Bande dessinée

Stéphane Beaujean : « Un festival reflet de la bibliodiversité française »

Directeur artistique du Festival international de la bande dessinée d’Angoulême

Par Anne-Cécile Sanchez · Le Journal des Arts

Le 15 février 2019 - 897 mots

ANGOULÊME

Le directeur du festival de BD d’Angoulême relie les innovations de la 46e édition, qui s’est tenue du 24 au 27 janvier, à la « crise de croissance » que connaît la manifestation, comme le secteur de la bande dessinée lui-même.

Stéphane Beaujean, directeur artistique du Festival international de la bande dessinée d’Angoulême @ photo  FIBD
Stéphane Beaujean, directeur artistique du Festival international de la bande dessinée d’Angoulême
© photo FIBD
Cette édition du Festival international de la bande dessinée (FIBD) d’Angoulême a été marquée par plusieurs évolutions, comme le fait de multiplier par 2,5 l’espace consacré au manga, passé de 1 000 à 2 500 mètres carrés. S’agit-il d’une orientation stratégique ?

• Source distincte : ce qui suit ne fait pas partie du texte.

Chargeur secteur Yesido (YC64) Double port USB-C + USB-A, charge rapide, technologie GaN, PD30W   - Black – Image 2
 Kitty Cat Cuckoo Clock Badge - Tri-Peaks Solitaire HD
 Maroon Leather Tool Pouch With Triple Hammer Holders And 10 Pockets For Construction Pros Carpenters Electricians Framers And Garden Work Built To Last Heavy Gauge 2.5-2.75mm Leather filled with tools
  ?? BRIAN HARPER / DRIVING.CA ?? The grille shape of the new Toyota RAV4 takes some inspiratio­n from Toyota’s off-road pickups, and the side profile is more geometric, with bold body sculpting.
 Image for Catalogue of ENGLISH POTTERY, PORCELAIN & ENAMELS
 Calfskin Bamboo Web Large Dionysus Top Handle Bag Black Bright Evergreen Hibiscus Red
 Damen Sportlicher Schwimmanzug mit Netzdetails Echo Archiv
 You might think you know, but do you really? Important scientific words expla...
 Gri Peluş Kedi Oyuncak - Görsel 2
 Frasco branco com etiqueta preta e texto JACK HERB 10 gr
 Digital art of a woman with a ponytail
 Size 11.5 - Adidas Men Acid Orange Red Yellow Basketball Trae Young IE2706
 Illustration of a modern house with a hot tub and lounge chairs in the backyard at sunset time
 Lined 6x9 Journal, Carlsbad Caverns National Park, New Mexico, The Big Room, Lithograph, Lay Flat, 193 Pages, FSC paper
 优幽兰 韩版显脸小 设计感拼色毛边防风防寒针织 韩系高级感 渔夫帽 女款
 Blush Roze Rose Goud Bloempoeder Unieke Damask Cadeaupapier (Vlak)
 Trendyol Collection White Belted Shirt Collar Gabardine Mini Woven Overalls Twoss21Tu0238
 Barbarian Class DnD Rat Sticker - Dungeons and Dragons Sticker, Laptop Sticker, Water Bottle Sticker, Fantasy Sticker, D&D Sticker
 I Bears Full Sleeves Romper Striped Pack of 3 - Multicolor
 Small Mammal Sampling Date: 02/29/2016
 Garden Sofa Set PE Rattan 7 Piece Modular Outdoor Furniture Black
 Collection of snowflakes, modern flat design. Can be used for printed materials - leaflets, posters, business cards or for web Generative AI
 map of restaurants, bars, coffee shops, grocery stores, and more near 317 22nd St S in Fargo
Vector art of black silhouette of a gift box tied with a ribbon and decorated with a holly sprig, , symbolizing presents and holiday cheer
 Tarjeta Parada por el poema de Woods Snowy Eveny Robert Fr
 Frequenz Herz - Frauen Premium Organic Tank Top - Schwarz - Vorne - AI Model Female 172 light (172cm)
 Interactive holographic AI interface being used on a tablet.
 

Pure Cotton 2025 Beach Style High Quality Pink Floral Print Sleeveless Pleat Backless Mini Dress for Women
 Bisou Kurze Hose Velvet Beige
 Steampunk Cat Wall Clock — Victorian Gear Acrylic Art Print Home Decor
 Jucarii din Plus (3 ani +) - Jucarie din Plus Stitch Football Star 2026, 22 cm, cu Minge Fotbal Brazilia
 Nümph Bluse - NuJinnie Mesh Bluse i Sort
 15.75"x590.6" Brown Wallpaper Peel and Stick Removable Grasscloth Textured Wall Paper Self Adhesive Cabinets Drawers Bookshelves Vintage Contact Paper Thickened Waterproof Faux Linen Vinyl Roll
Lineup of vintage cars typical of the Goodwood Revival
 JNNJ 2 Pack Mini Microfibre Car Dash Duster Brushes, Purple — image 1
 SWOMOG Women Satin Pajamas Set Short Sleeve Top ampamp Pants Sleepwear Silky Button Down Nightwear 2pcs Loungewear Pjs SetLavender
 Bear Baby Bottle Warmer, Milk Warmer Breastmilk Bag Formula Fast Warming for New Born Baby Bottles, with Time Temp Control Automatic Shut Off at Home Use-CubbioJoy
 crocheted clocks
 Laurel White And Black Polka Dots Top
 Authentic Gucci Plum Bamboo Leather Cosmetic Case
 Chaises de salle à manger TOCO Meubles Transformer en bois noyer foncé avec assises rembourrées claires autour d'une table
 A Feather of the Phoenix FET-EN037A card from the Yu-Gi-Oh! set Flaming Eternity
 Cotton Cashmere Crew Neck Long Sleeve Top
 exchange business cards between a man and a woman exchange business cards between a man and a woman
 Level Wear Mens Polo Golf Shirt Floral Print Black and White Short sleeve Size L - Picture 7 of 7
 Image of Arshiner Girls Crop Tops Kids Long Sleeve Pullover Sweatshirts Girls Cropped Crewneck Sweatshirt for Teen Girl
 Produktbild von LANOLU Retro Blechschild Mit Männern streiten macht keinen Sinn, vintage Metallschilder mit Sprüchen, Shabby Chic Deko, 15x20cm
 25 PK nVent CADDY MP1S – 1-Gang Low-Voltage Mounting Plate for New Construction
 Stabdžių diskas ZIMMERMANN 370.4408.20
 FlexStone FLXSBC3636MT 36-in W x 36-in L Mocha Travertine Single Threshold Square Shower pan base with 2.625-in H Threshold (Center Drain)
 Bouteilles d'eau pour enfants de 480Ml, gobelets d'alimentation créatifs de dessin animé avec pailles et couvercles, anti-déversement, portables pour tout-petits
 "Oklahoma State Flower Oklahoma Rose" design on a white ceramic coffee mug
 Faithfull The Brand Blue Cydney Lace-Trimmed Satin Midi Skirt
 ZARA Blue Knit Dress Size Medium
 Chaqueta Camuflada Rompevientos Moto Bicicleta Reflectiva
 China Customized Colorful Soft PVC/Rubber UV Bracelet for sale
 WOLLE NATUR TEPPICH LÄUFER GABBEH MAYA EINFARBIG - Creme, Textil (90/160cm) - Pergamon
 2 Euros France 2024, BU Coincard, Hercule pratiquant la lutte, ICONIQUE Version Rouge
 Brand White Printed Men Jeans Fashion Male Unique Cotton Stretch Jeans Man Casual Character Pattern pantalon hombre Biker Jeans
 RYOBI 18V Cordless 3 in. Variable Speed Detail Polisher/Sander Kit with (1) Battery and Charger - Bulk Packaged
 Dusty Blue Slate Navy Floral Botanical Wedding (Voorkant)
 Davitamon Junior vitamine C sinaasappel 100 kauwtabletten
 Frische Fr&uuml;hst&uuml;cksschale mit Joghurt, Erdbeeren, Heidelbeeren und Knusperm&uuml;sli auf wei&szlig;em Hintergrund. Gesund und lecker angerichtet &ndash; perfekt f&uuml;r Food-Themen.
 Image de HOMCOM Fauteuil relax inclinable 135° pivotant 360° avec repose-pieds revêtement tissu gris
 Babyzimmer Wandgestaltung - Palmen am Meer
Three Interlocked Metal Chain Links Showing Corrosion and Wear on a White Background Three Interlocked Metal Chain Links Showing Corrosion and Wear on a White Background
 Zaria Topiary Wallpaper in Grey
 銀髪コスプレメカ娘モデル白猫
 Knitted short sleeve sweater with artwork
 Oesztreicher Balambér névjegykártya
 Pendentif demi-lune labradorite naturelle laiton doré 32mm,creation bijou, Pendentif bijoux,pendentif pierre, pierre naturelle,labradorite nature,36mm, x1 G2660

C’est d’abord un choix dicté par un besoin structurel ; la capacité d’accueil avait clairement atteint ses limites. Nous étions au-delà des jauges de sécurité du fait de l’affluence du public sur cet espace dédié, où nous avons également accueilli de nouveaux éditeurs. À l’échelle francophone, le manga représente 40 % du marché en volume et autour de 25 % en chiffre d’affaires – les albums de manga se vendant moins cher. C’est un segment très important de la bande dessinée qu’il s’agit de prendre en compte après l’avoir longtemps négligé.
De la même façon, le festival met cette année l’accent sur les comics. Il s’agit moins d’effets de focus éphémères que de nouveaux axes que nous souhaitons développer. Tout comme nous allons renforcer le secteur du divertissement franco-belge, qui mérite d’être soutenu, en particulier à travers le prix récompensant la meilleure série. Nous aurons alors un festival qui sera le reflet de la « bibliodiversité » française.

N’était-ce pas le cas jusqu’à présent ?

Non, car le festival faisait des choix éditoriaux plus tranchés en matière de genre. Mais le contexte a changé : la pop culture est en train de trouver une forme de légitimité culturelle. Sans compter que le FIBD est à ce jour le seul événement d’envergure dans le domaine de la bande dessinée. Il se doit donc d’être à la fois commercial et représentatif de la créativité.

À quel niveau la sélection du festival s’exerce-t-elle si son positionnement est aussi large ?

Les critères du festival ne répondent pas à des logiques clivantes de genre et de catégorie mais à une ambition. En tant que directeur artistique, je privilégie les démarches d’auteurs qui sont des réformateurs, qui évitent les stéréotypes, les lieux communs. J’aime par exemple quand les artistes s’emparent d’une icône et essayent de la tordre. Il me semble que cela reste intéressant de puiser dans un répertoire de formes existant, si cela se traduit par l’invention d’un langage singulier.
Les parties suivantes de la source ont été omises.